Women,Gender,Sexuality Studies 393B - S-FromBerdaches/BathroomBills

Spring
2017
01
3.00
Jonatha Jeanine Ruhsam
TU TH 11:30AM 12:45PM
UMass Amherst
20428
This course critically examines instances of non-normative gender expression as they have occurred since the early encounters of European colonists with indigenes up to the present day in America. Using an interdisciplinary approach, we will delve into and probe texts from history, literature, the law, film and the media as we come to understand how the maintenance of the gender binary is critical to the grasp of power by the state and how third and fourth gender, transgender and gender non-conforming people threaten the stability of the traditional sex/gender system. We will examine the historic alliance between church and state to reveal how they have worked together to impose and maintain hegemonic heteronormativity on the American people; in turn, we will come to realize the very real danger those who transgress gender pose to the extant hierarchical power structure and those few who direct it from the top. In coming to understand that transgender goals are feminist goals in that both seek to end sexist oppression (here we use transgender as catch-all term to include all who have transgressed Western gender norms) we will inquire into the strange alliance of trans-exclusionary radical feminists with patriarchal neo-liberals who seek to eradicate the very notion of gender identity and those so embodied.

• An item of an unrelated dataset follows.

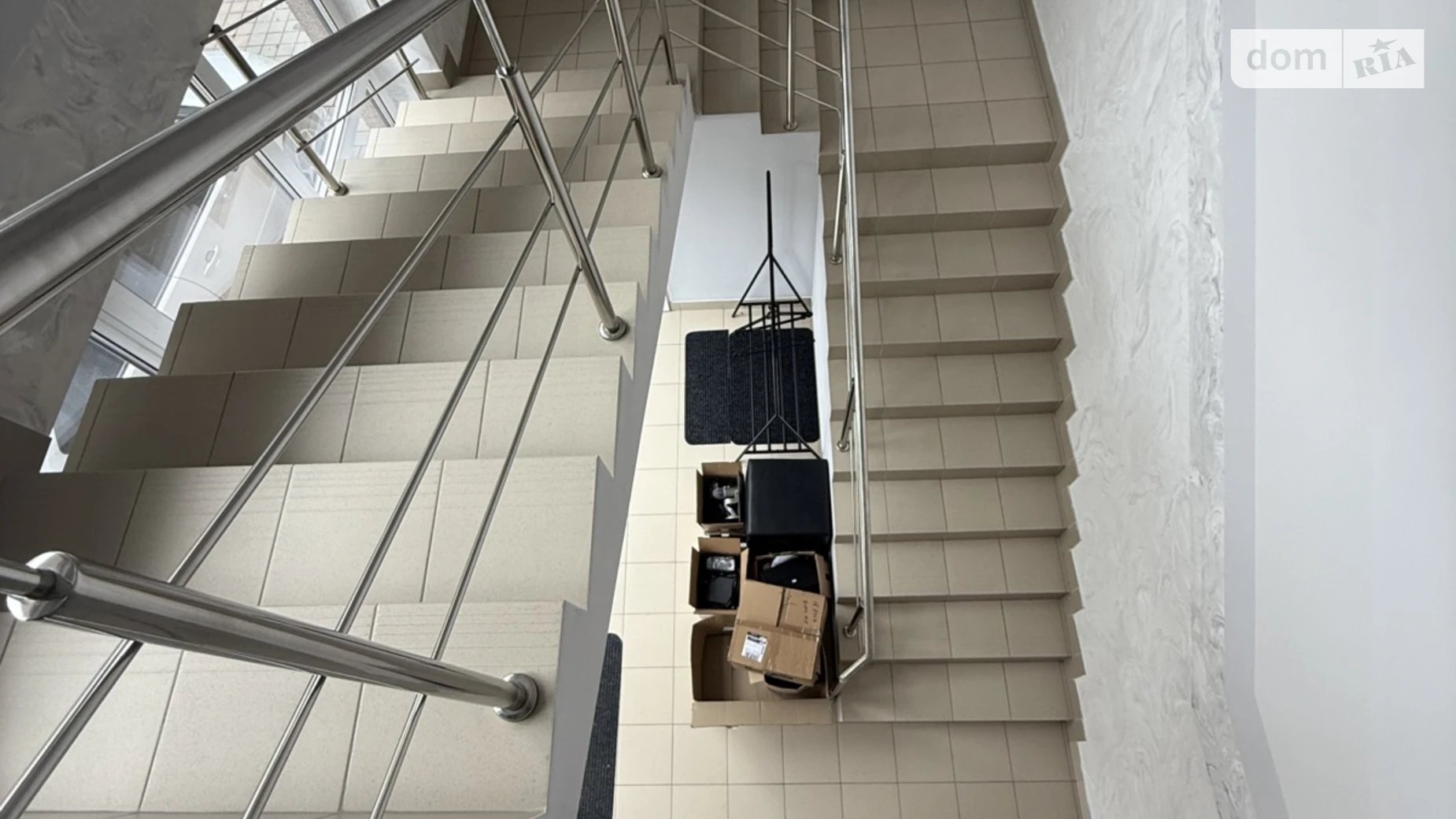 Здається в оренду приміщення вільного призначення 153 кв. м в 9-поверховій будівлі, цена: 1500 $ - фото 5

We will probe the radical feminist argument that all trans people simply endorse the gender binary through their conformity to stereotypical gender roles and consider the response to it. Finally, we will critically examine the contemporary plethora of legislation known as "bathroom bills" that are intended to eradicate not only trans identities but also the very notion of gender as a social construction.
Permission is required for interchange registration during the add/drop period only.